- _Data_

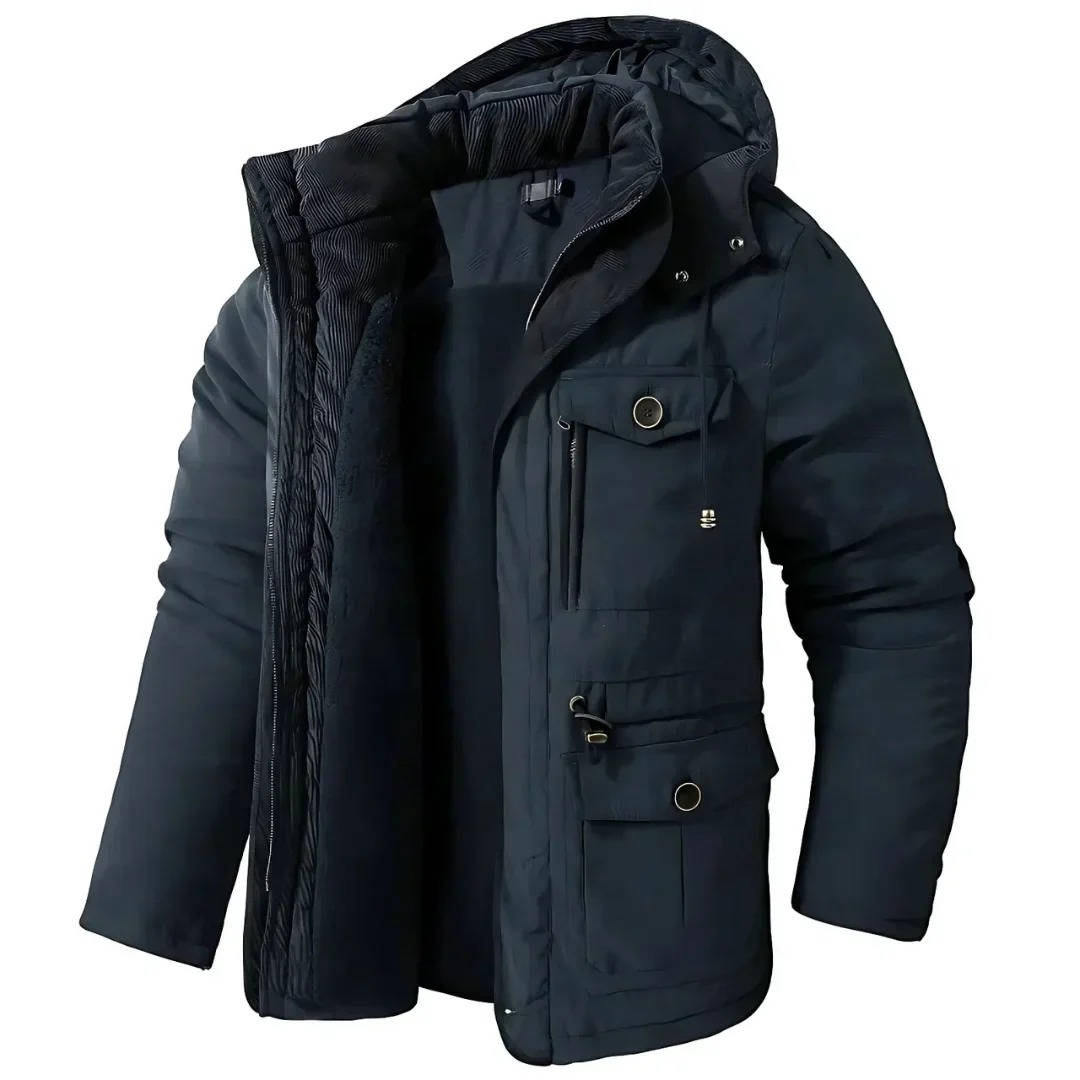 Mens Insulated Parka with Sherpa Lining and Dual Closure System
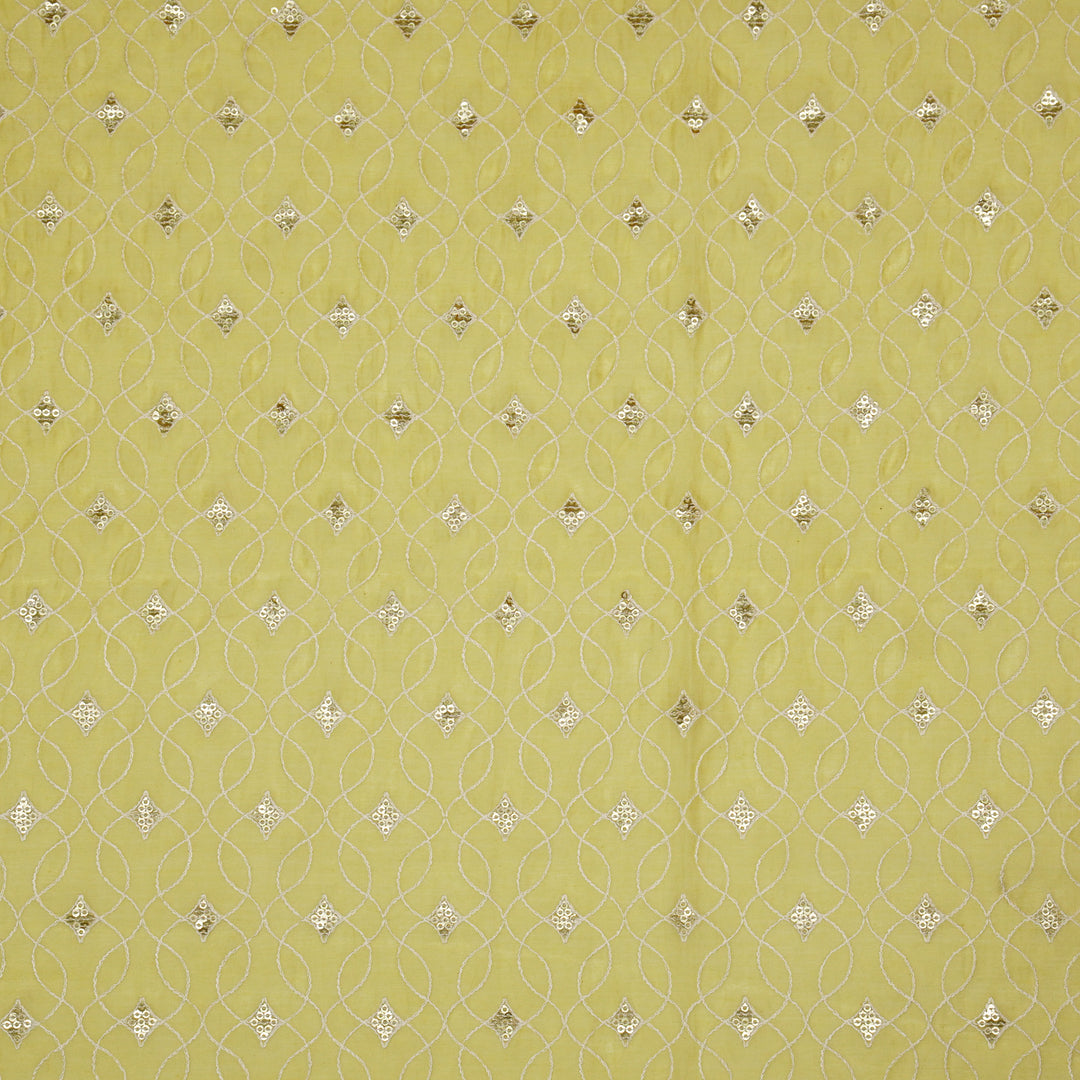 Vibha Jaal on Lemon Cotton Silk Embroidered Fabric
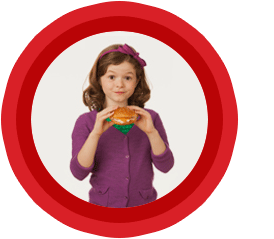 Child holding an Arby's sandwich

- _Exercise details_
In full and without error, repeat the listing above, omitting its images.

- _Answer area_
 Mens Insulated Parka with Sherpa Lining and Dual Closure System
 Vibha Jaal on Lemon Cotton Silk Embroidered Fabric
 Child holding an Arby's sandwich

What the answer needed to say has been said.